Truman Bethurum (August 21, 1898May 21, 1969) was the second of the classic 1950s contactees, individuals who claimed to have spoken with humanoid aliens and entered or ridden on their flying saucers. His revelations seemed fairly directly inspired by his immediate forerunner, George Adamski.

Bethurum was born in Gavalin, California, and in the early 1950s worked as a mechanic on a road-building crew. Unlike most road-crew members, however, he moonlighted as a fortune teller and spiritual advisor. In 1953 Bethurum first published magazine and newspaper (Redondo Beach Daily Breeze, September 25, 1953) accounts of being contacted about a dozen different times by the humanoid crew of a landed flying saucer, and repeatedly conversing with its stunningly lovely female captain, Aura Rhanes. Saucer and crew, who spoke colloquial English, came from the unknown planet Clarion, which from the earth, in abject defiance of the laws of planetary motion, always remains out of sight behind our moon. The Clarionites were smaller than humans, lived for 1000 years, and were all good Christians who attended church every Sunday. A subsequent 1954 book, Aboard a Flying Saucer, gave more details of Bethurum's suffering at the hands of skeptics, but few other details of Clarion and its people.

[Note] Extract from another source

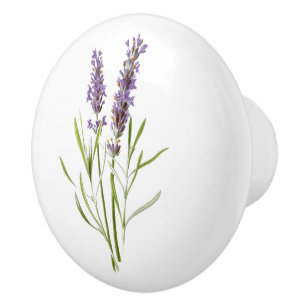 Vintage French Lavender Flower Door Knob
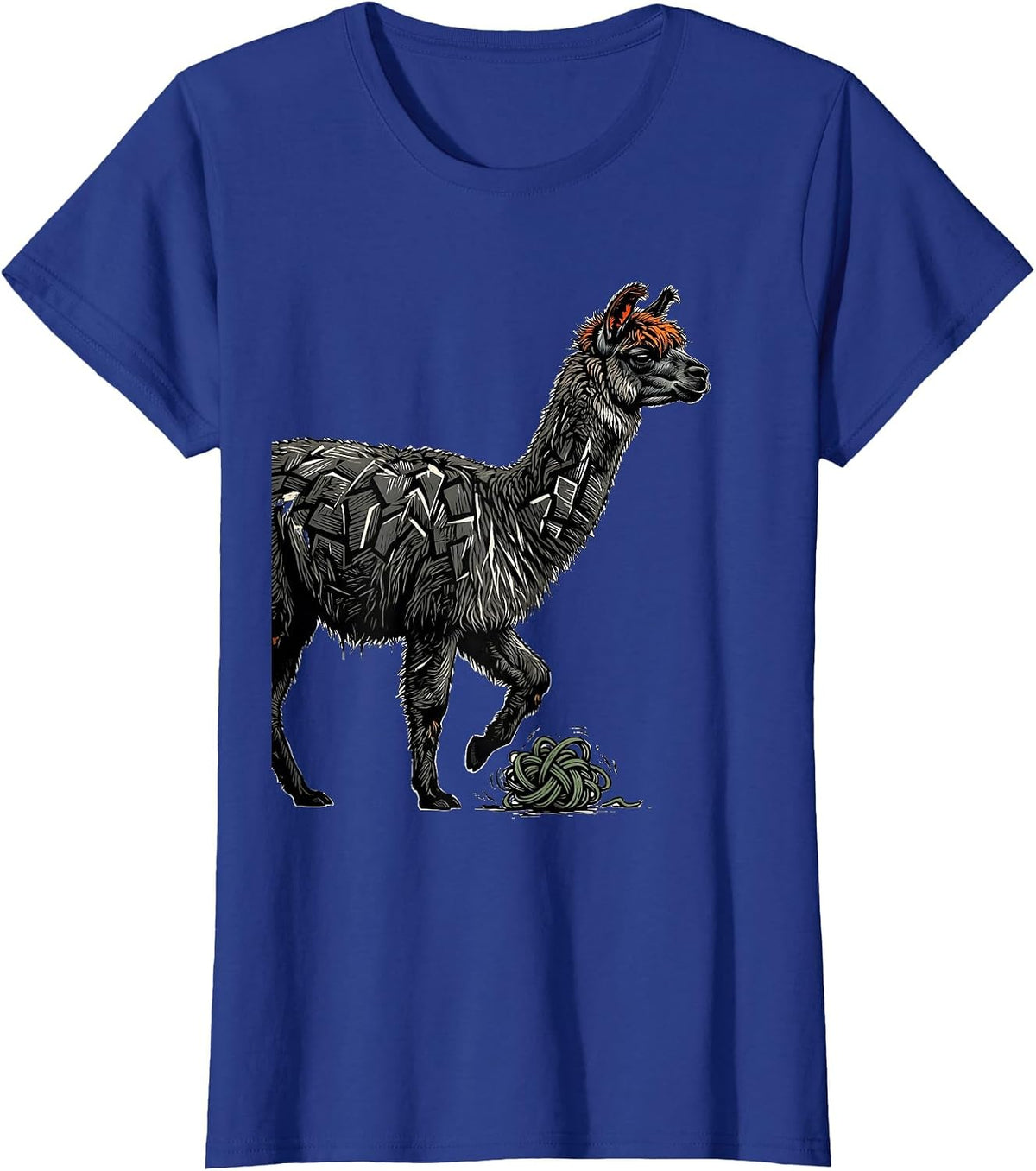 Women's Llama Linocut Funny Alpaca Lover Gift T-Shirt - Royal Blue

Most contactees of this period became (or already were) leaders of new religious movements, including George Adamski, George Van Tassel, Daniel Fry, George King and many others. Bethurum followed the same pattern, quitting his job and telling followers - immediately after the publication of his book - that the space people had commanded him to create a religious commune, with himself as spiritual leader. A commune, the Sanctuary of Thought, was subsequently created near Prescott, Arizona. While Bethurum and his group have a few followers to this day, most self-proclaimed UFO researchers of the 1950s dismissed him as a charlatan--- he refused lie-detector examinations, and also refused to provide physical evidence he claimed to possess, such as supposedly unique items given to him by Captain Aura Rhanes.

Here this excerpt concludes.